PROVIDED RECORDS START

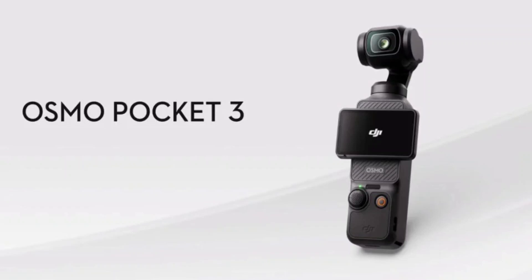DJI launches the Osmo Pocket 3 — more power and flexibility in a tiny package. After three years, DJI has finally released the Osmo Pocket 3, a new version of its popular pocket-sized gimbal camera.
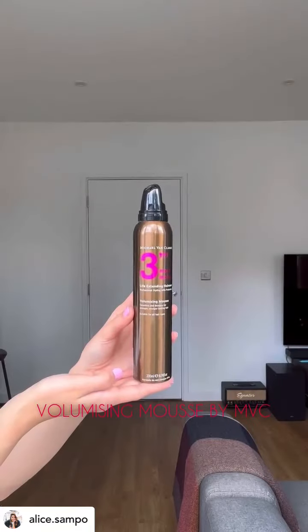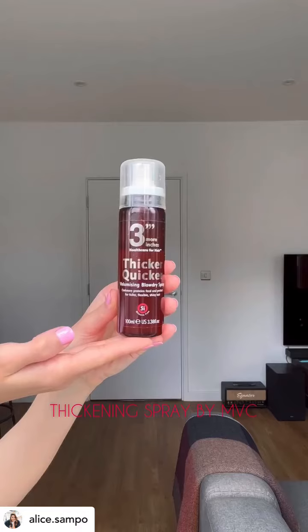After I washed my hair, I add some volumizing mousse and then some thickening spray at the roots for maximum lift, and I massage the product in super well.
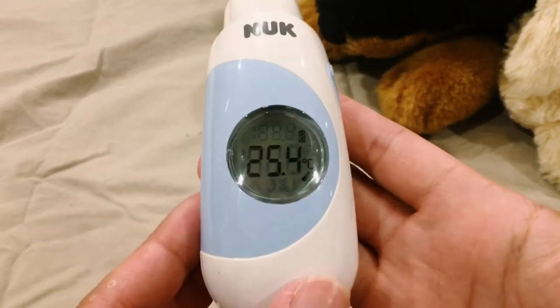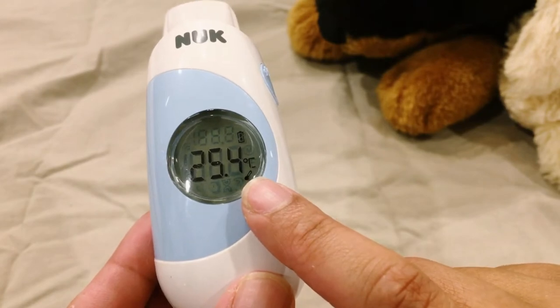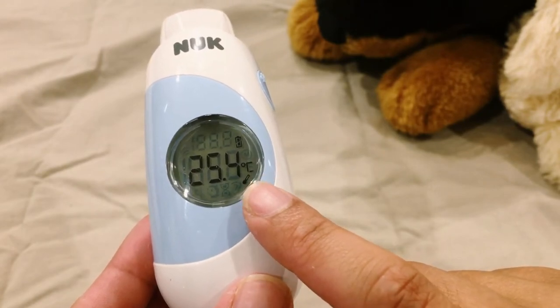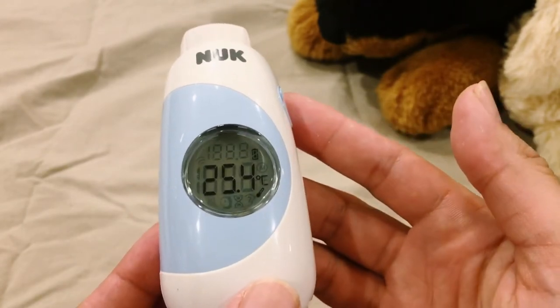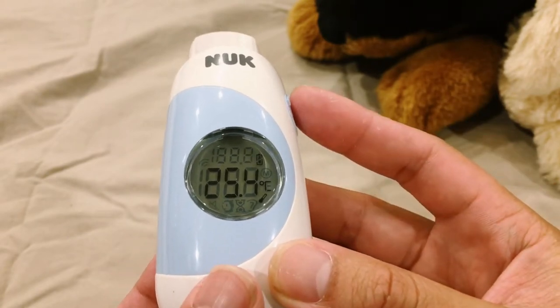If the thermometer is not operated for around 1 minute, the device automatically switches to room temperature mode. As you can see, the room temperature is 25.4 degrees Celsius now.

PROVIDED RECORDS END
PROVIDED RECORDS START

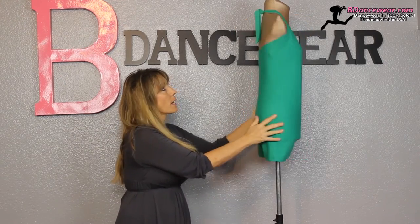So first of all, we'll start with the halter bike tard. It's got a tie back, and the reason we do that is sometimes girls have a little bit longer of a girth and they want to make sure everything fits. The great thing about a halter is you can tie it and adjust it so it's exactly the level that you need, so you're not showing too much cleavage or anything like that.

PROVIDED RECORDS END

- _EXERCISE_
Take the material above from the line bearing "DJI launches the" through the line bearing "After I washed" and write it out exactly, both end lines included. Pictures stay out.

- _REPLY_
DJI launches the Osmo Pocket 3 — more power and flexibility in a tiny package. After three years, DJI has finally released the Osmo Pocket 3, a new version of its popular pocket-sized gimbal camera.
After I washed my hair, I add some volumizing mousse and then some thickening spray at the roots for maximum lift, and I massage the product in super well.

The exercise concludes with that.